The number one cause of natural hair breakage, fairy knots, split ends, and dryness is constant hair manipulation. This includes playing in your natural hair far too often, pulling it up day to day, straining your edges, and styling manipulation. It is essential to refrain from touching your hair too often. The constant manipulation of your hair prevents growth and can lead to premature breakage. Your hands also carry their own oils and germs throughout the day as you touch your hair, leading to dryness and sometimes scalp conditions. Try low manipulation hairstyles that will reduce your temptation to touch your hair as often. It is key to keep such styles in for at least five to seven days. In between, if you want to pull your hair into a puff or pineapple, then that’s A-ok. Just as long as you are not going full stylist in your head daily. Pick it out, shake it out or manipulate with your fingers in the morning and leave it. Do not touch it, and do not reshape it during the day. The perfect part of having natural hair is that it does not have to look perfect. Bask in that and keep your hands to yourself. Stretch out your wash days if you shampoo/condition once or twice a week. Be sure to use a satin scarf and/or a bonnet. In case those slip off, also use a satin pillowcase.

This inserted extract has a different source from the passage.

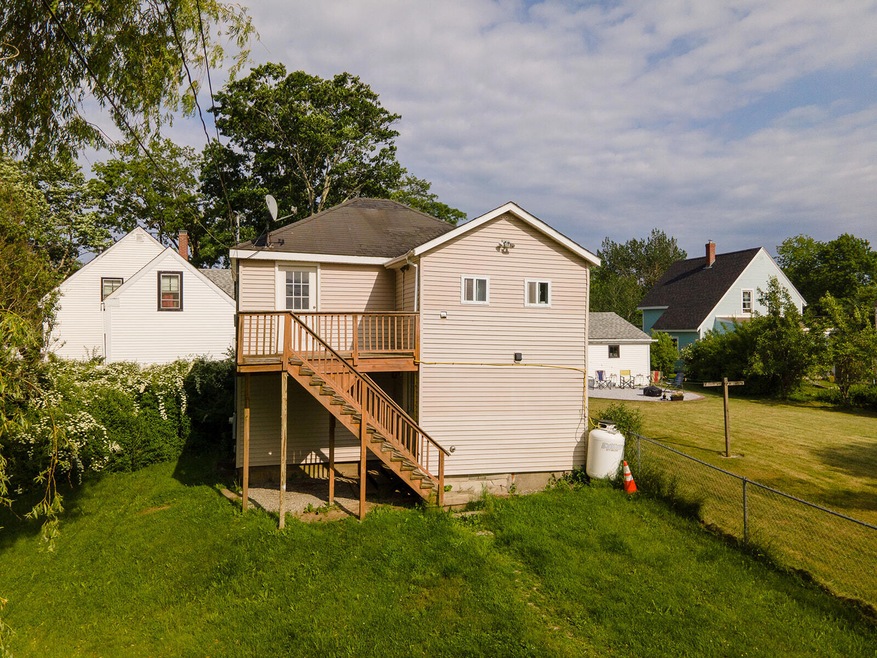 32 Beechwood Street, Thomaston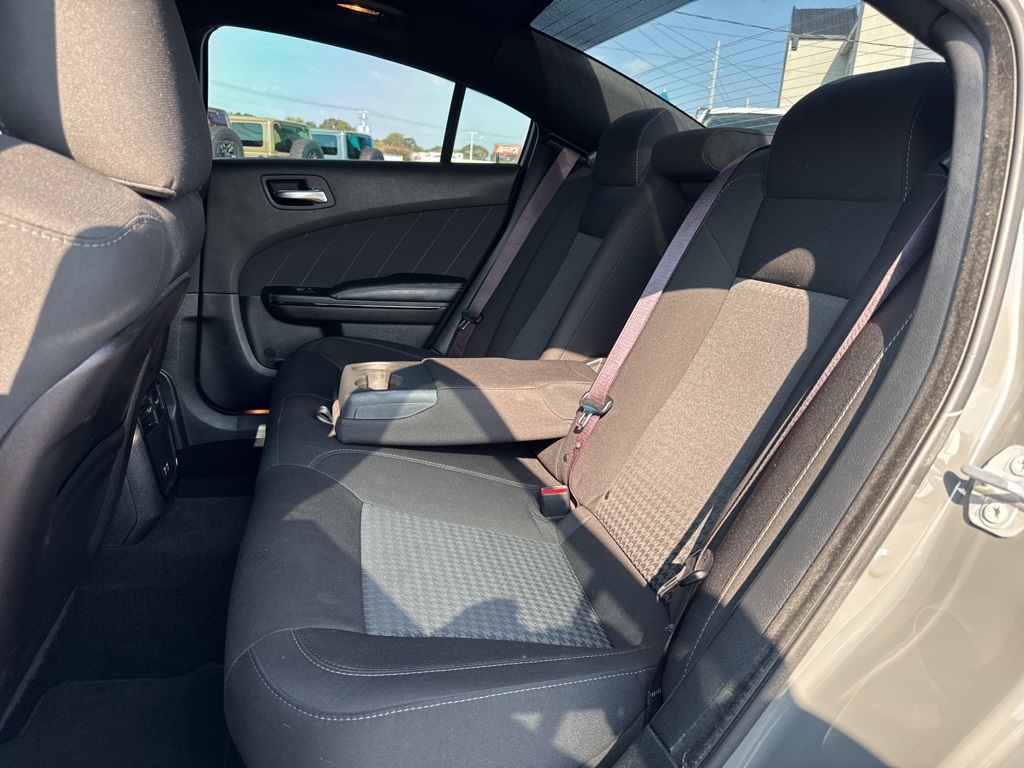 2019 Dodge Charger GT photo 17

2) Jewelry and Hang Nail Free Is The Way To Be
I get it! You don’t want to take off your engagement ring when styling your hair. You are in the house, so who cares if your nails are chipping. I’ll tell you who cares…or what rather. YOUR HAIR CARES! These little things play an essential part in our natural hair care routine but can often be the big reason why you are seeing breakage. Ensure that all jewelry is off when washing or styling your hair. This includes necklaces, stud earrings, and rings. Anything that your hair can wrap around, get snagged on, and rip. If you must wear a ring when washing or daily styling, cover your hands with rubber gloves. The same rule applies when doing your natural hair with hangnails and chipped nail polish. Ensure that your hands are groomed, nail polish is fresh, or removed on fingers where it’s chipping. If not, then slip on a rubber glove until the next nail appointment to minimize damage during styling.
3) Say No To Heat
You may see online naturals taking the 6 months no heat challenge or suddenly stating that they went no heat and watched their hair blossom. This is NOT a test. This is the truth, but only if you are ready to hear it. You see your hair blowers and flat irons? Get up, wrap those cords around them and place them on the highest shelf in your home where you will forget about them. Heat is an extreme enemy of natural hair, length retention, and moisture retention. You know those parts of your hair that look insanely straight on wash day in between curls that are popping? That’s heat damage. Excessive amounts of heat will not only cause damage to the hair shaft but will also alter your natural curl pattern and prevent growth via length retention. Those areas will break off sooner or later. In addition to excessive fallout and breakage, heat contributes to brittle, dry, and dull-looking natural hair. The only way to treat heat damage is to cut off all damaged ends causing you to start back at square one. Quite similar to perming. Do not apply direct heat only indirect such as a hooded dryer to dry or deep condition your hair. While using the hooded dryer, try to stay below 55 degrees. This is considered indirect heat. There are a few exceptions: very-low heat with a diffuser on your hair blower to dry the roots of a wash and go or the lowest heat level to stretch your roots. However, try to stay away from heat altogether. Now, this is not saying that a silk press will destroy all of your hard work. A silk press done correctly by a professional who knows how to ensure that your hair will not be heat damaged is A-ok. Many naturals limit this to two or three times a year.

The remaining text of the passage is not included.